Avrebbe dovuto essere un referendum per il Paese senza bandiere di partito. Ma è diventato un voto politico. Una testa d’ariete in mano alle opposizioni per tentare l’ennesima spallata al governo. A prescindere dalle fragili ragioni del No (leggi l’articolo) che lo hanno animato. Basta, del resto, ricordare come si è arrivati alla consultazione che tra oggi e domani rimetterà il destino della riforma che taglia il numero dei parlamentari da 945 a 600 in mano agli italiani.
Chiamati alle urne non certo a furor di popolo (non sono stati i cittadini a raccogliere le 500mila firme previste dalla Costituzione) ma per iniziativa di 71 senatori (poco più di “un quinto dei membri di una Camera” a norma dell’articolo 138) appartenenti in gran parte agli stessi partiti che, nella quarta e decisiva votazione a Montecitorio, dove il taglio era passato con una maggioranza bulgara di 553 voti a favore, avevano dato il via libera alla riforma. Un caso di sdoppiamento della personalità (politica) sotto la regia di Forza Italia (42 firmatari su 71), con la partecipazione di un manipolo di ex M5S, qualche dissidente, ammennicoli vari del Misto, e, soprattutto, con il soccorso decisivo di 9 parlamentati della Lega.
Cioè del partito che non solo ha votato per quattro volte la riforma alla Camera e al Senato, ma l’ha persino proposta e condivisa con i Cinque Stelle ai tempi della maggioranza gialloverde. Ecco, basterebbe ricordare questo passaggio, unitamente alla debordante campagna per il No, sostenuta a rotative unificate (salvo rare eccezioni) dalla grande stampa italiana, contrastata a viso aperto e con coerenza solo dal Movimento 5 Stelle, per giustificare una mobilitazione contro l’ultima trincea della vecchia politica pontifica di cambiamento mentre lavora per affossarlo.

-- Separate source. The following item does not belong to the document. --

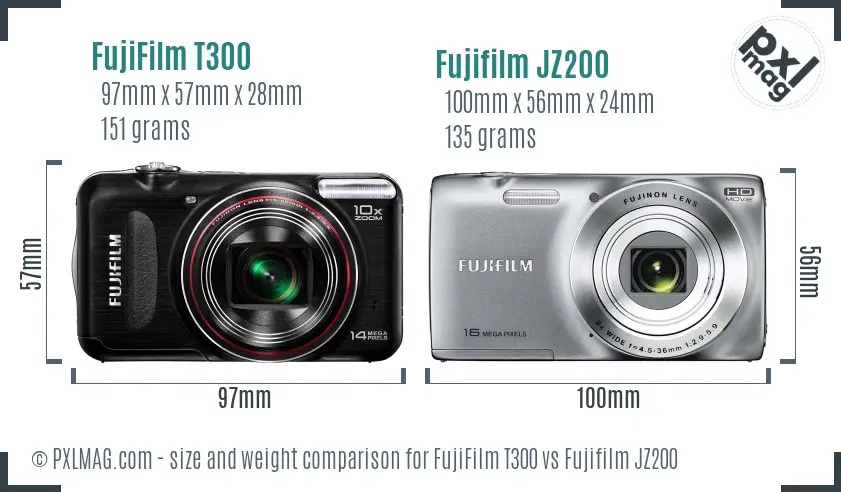 FujiFilm T300 vs Fujifilm JZ200 size comparison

Certo, il taglio dei parlamentari non passerà alla storia come la madre di tutte le riforme. Ma è sicuramente un’opportunità per iniziare un percorso graduale di rinnovamento dell’assetto istituzionale del Paese senza snaturare la Costituzione, come hanno provato a fare le pessime riforme di sistema vergate dai governi Berlusconi (prima) e Renzi (poi). Entrambe, non a caso, bocciate dagli italiani. Un’occasione appesa, però, anche all’incognita dell’astensionismo. Che mai come stavolta rischia di rivelarsi il più formidabile alleato del fronte del No. La partita si gioca nei seggi. Per vincerla basta partecipare.